* _Exercise requirements_: Say how many lines of the entries below include "Vitamin", giving nothing but that number.
------ Given data
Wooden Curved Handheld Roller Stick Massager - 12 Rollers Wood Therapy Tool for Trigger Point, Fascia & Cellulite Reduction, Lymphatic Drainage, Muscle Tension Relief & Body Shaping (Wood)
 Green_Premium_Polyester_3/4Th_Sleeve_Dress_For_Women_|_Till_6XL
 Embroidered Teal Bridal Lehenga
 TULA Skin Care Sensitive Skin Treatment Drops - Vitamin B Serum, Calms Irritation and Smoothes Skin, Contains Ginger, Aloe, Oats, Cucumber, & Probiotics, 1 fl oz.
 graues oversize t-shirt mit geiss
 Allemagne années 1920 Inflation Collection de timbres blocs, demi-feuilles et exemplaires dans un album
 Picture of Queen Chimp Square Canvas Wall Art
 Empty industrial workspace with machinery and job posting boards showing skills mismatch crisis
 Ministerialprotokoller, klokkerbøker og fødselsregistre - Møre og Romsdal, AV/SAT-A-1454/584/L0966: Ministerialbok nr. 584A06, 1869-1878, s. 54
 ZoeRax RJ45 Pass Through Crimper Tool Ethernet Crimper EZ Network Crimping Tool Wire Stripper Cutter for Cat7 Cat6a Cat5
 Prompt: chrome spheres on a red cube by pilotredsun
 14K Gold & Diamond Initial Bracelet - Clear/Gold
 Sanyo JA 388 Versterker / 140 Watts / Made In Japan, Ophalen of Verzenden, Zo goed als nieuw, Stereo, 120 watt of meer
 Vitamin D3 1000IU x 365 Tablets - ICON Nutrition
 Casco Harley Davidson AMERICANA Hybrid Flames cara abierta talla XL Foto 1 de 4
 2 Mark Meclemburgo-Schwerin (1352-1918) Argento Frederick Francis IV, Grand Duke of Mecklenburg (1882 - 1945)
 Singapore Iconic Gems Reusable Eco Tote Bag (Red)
------------
* _Exercise response_: 2